The first several chapters set the stage for understanding the fundamental nature of systems and networks. Chapter 2 offers a set of basic concepts and provides a set of definitions which apply, fairly universally, across all communications and networks. Chapter 3 details, compares, and contrasts traditional transmission systems, both wired and wireless, including twisted-pair, coaxial cable, microwave radio, satellite radio, infrared light, and fiber optics.

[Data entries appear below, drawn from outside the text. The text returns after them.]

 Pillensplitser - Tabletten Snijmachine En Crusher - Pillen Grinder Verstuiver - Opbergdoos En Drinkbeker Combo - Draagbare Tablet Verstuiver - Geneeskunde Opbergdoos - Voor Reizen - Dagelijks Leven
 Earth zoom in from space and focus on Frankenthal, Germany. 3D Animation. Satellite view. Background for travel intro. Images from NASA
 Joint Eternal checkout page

Chapter 4 is devoted to a discussion of communications systems that primarily support voice applications, although they increasingly support data and even video communications. It begins with an examination of the several generations of Private Branch Exchanges (PBXs), their capabilities and applications, as well as emerging trends. Chapter 4 also examines Key Telephone Systems (KTSs), Hybrid systems and Centrex, the old standby which has been reborn with something of a vengeance. Automatic Call Distributors (ACDs) are profiled and discussed as well. Chapter 4 concludes with an examination of Computer Telephony Integration (CTI), a recent development that promises to add tremendous value in the processing and management of voice calls.

Chapter 5 is dedicated to electronic messaging technologies and systems, including facsimile, voice processing, and electronic mail. Increasingly, these technologies are viewed as converging into a unified messaging system technology. Indeed, we see the beginnings of such unification in the Internet and the World Wide Web (WWW).

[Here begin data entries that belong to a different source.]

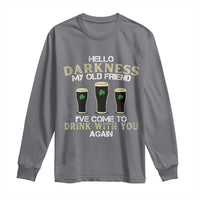 Hello Darkness My Old Friend Funny Irish Stout Beer Long Sleeve Shirt St. Patrick’s Day Drinking Humor Craft Brew Lovers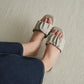 Faye Ruched Low Heel Sandals (Greige)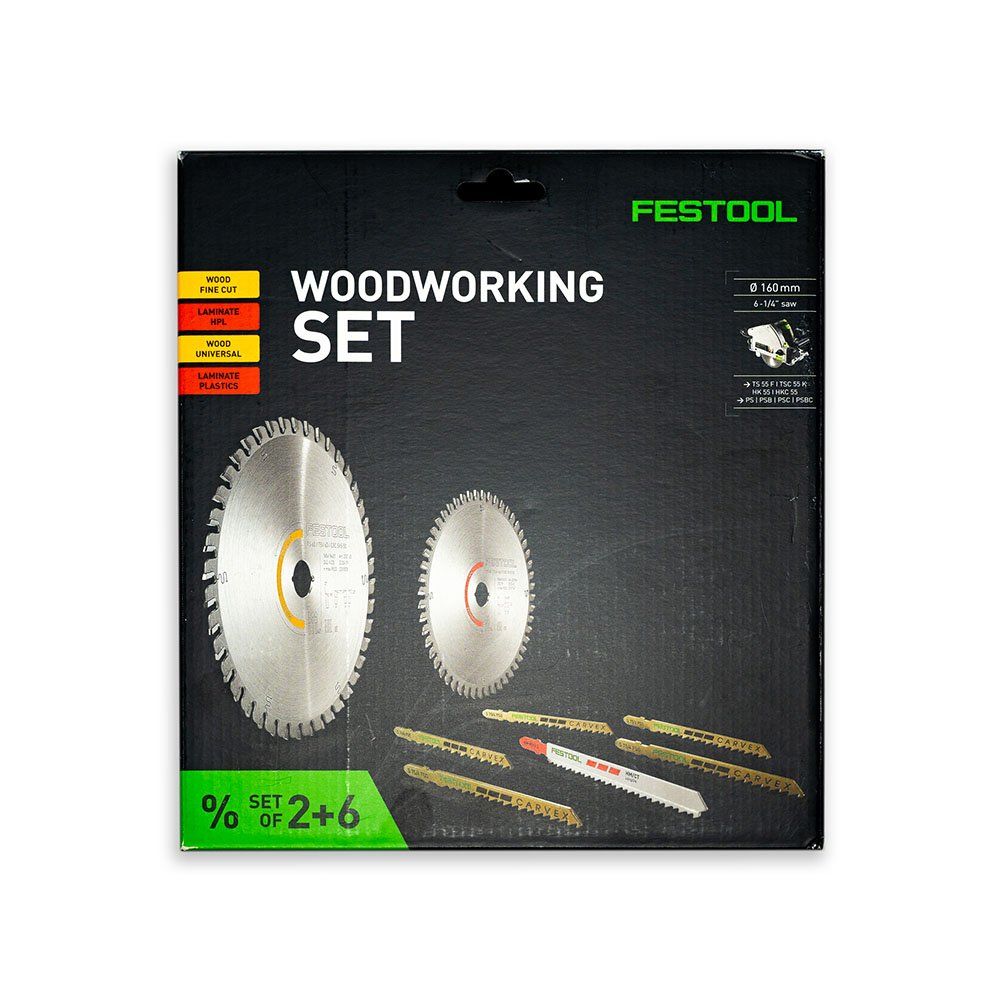 Festool F-KSB-SORT/2 160mm Circular Saw Blade 2 Piece Set 160mm Assorted Teeth 20mm - Image 1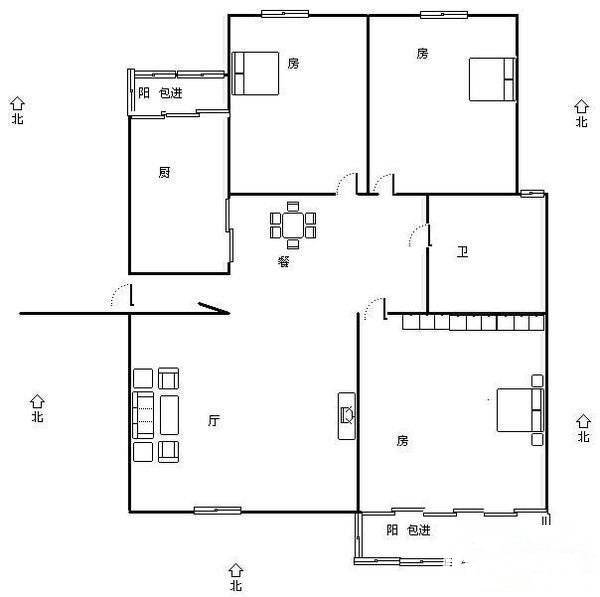 铭雅苑3室2厅1卫98㎡户型图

Chapter 6 is the initial treatment of networks, and the final, focused treatment of voice communications. Concentrating on the Public Switched Telephone Network (PSTN), it addresses the origin, evolution and contemporary nature of the traditional voice network. The underlying technologies, regulatory and standards domains, carrier/service provider domains and functional domains all are discussed. This chapter also defines the nature and specifics of signaling and control systems that manage and control the operation of the various network elements in order to ensure that the network functions as a whole. A wide variety of voice network services are defined and illustrated. Chapter 6 concludes with discussion of a number of critical PSTN issues, including numbering plan administration, portability and equal access.